Jiwa Rimbawan Kang Andik Seakan Tak Pernah Mati
"Yang pensiun ini jabatan dan pekerjaan kita, tapi semangat dan jiwa kita sebagai rimbawan tidak pernah mati, sampai hayat dikandung badan," ujarnya.
Penulis: Zulfikri | Editor: Rizky Zulham
Laporan Wartawan Tribun Pontianak, Raymond Karsuwadi
TRIBUNPONTIANAK.CO.ID, SAMBAS - Raden Andik Jaya Prawira atau akrab disapa Kang Andik atau Andik SKMA 64, ya SKMA Sekolah Kehutanan Mengengah Atas, Kang Andik merupakan alumni dari SKMA Bogor angkatan tahun 1964.
SKMA telah ada sejak jaman Belanda. Tahun 1939, dibuka Middelbare Boshouw School (MBS) di Madiun, sebagai upaya memisahkan diri dari MLS (1913) di Bogor, agar spesifik melaksanakan pendidikan menengah atas kehutanan.
Zaman pemerintahan Jepang, 12 Februari 1944, didirikan Ringyoo Kooshuu Sho (Sekolah Kehutanan Menengah Tinggi) di Bogor. Pada April 1946, SKMT dibuka kembali di Kaliurang, Yogyakarta. Pada 1947, Pemerintah Belanda kembali mendirikan MBS di Bogor.
Pada 1947-1951 terdapat dua SKMT di Yogyakarta dan Bogor. Pada 1951, dua sekolah digabungkan menjadi SKMA di Bogor. SKMA Bogor ditutup pada 1969, saat itu lulusannya mencapai 1.464 orang.
Pada 1980, SKMA dibuka kembali di Kadipaten dan Samarinda. Menyusul pada 1988 di Pekanbaru dan Ujung Pandang, serta Manokawari (1991).
Diusianya yang kini menginjak usia Ke 73 tahun, Kang Andik masih mampu mengayuh sepeda berkeliling Nusantara demi satu misi yaitu bersilaturahmi dengan sesama alumni SKMA dan Rimbawan se Indonesia, sampai akhirnya Kang Andik tiba di Kabupaten Sambas, Rabu (10/11/2016).
Kang Andik sebelumnya pernah bekerja sebagai petugas teknis, staff dan berbagai posisi selama bertugas di Dinas Kehutanan Provinsi Kalimantan Tengah setelah dirinya menyelesaikan studi di SKMA Bogor.
Kang Andik mengatakan bahwa dirinya masih memiliki jiwa muda yang kini meraung diusia senja, menurutnya yang pensiun adalah jabatan dan pekerjaan tetapi semangat dan jiwanya sebagai petualang dan rimbawan tidak pernah mati.

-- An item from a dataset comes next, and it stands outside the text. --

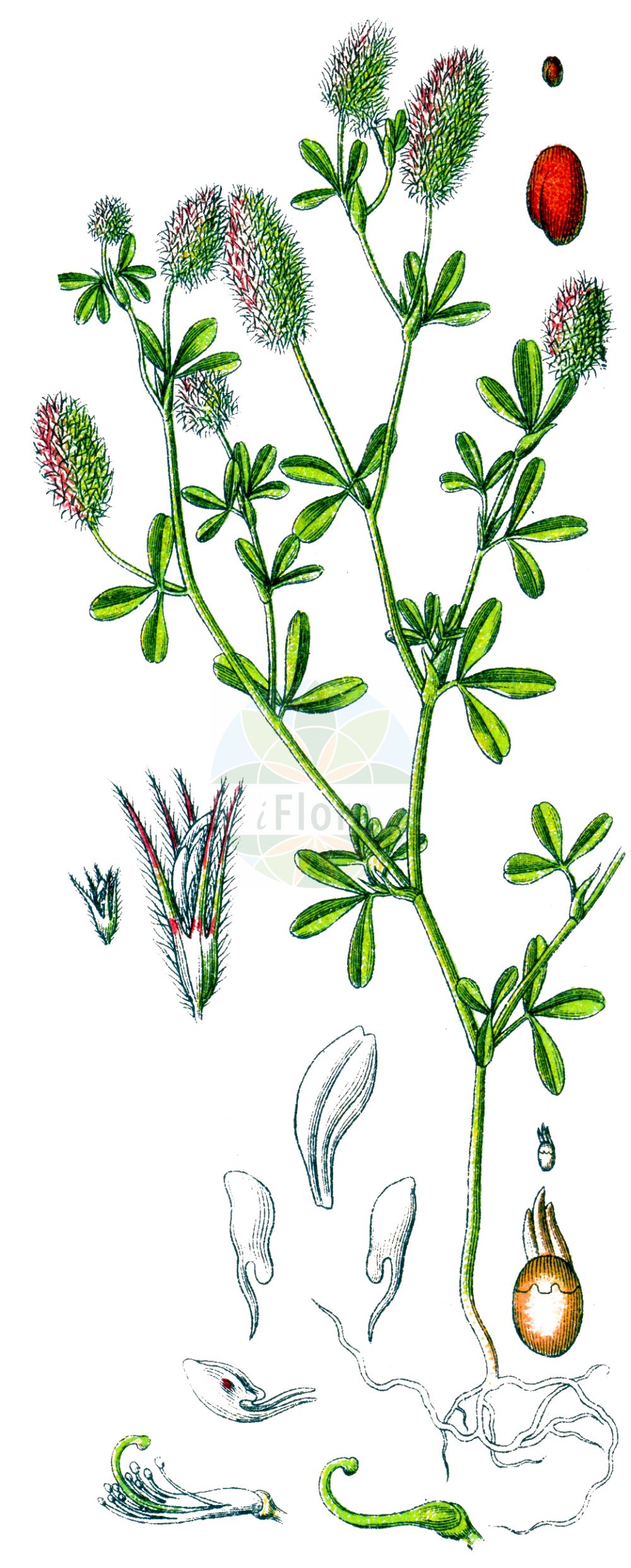 Historische Abbildung von Trifolium arvense (Hasen-Klee - Hare's-foot Clover). Das Bild zeigt Blatt, Bluete, Frucht und Same. ---- Historical Drawing of Trifolium arvense (Hasen-Klee - Hare's-foot Clover). The image is showing leaf, flower, fruit and seed.(Trifolium arvense,Hasen-Klee,Hare's-foot Clover,Trifolium agrestinum,Trifolium arenivagum,Trifolium arvense,Trifolium brachyodon,Trifolium brittingeri,Trifolium capitulatum,Trifolium eriocephalum,Trifolium gracile,Trifolium longisetum,Hasen-Klee,Acker-Klee,Katzen-Klee,Maeuse-Klee,Hare's-foot Clover,Hare's-foot Trefoil,Rabbit-foot Clover,Rabbit's Foot Clover,Stone Clover,Trifolium,Klee,Clover,Fabaceae,Schmetterlingsblütler,Pea family,Blatt,Bluete,Frucht,Same,leaf,flower,fruit,seed,Sturm (1796f))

"Yang pensiun ini jabatan dan pekerjaan kita, tapi semangat dan jiwa kita sebagai rimbawan tidak pernah mati, sampai hayat dikandung badan," ujarnya.
Saat menanyakan apa suka duka selama perjalanan panjangnya tersebut, Kang Andik menjawab.
"suka duka orang sering tanya itu, saya tidak ada dukanya, sukanya banyak kendala paling biasa saja dan sudah diperhitungkan, Kemarin kenangan, besok hanya impian hari ini kenyataan kita nikmati saja," katanya.
Kang Andik mengatakan bahwa sepedanya selama perjalanan telah mengganti ban luar tujuh kali karena sudah gundul tergerus jalan, kampas rem telah berganti tujuh sampai delapan kali.
Tiga kali ganti presneling, empat kali ganti sadel karena robek, stang dua kali patah, rantai dua kali diganti, sepatu boot catepilar saya sudah ganti 5 kali.
"dukanya tidak ada, suka saja, sakit berat belum pernah, paling batuk pilek demam biasa lah, kalau pilek tidak sembuh dalam dua hari biasa cari tukang urut habis itu tidur nyenyak dan besoknya segar lagi," ujarnya sembari tertawa.
Biasanya Kang Andik memulai mengayuh sepeda pada jam tujuh pagi dan berakhir jam lima sore, bersepeda lima jam, empat jam istirahat, jarak tempuh rata-rata satu hari 75 -125 kilometer ditempuhnya.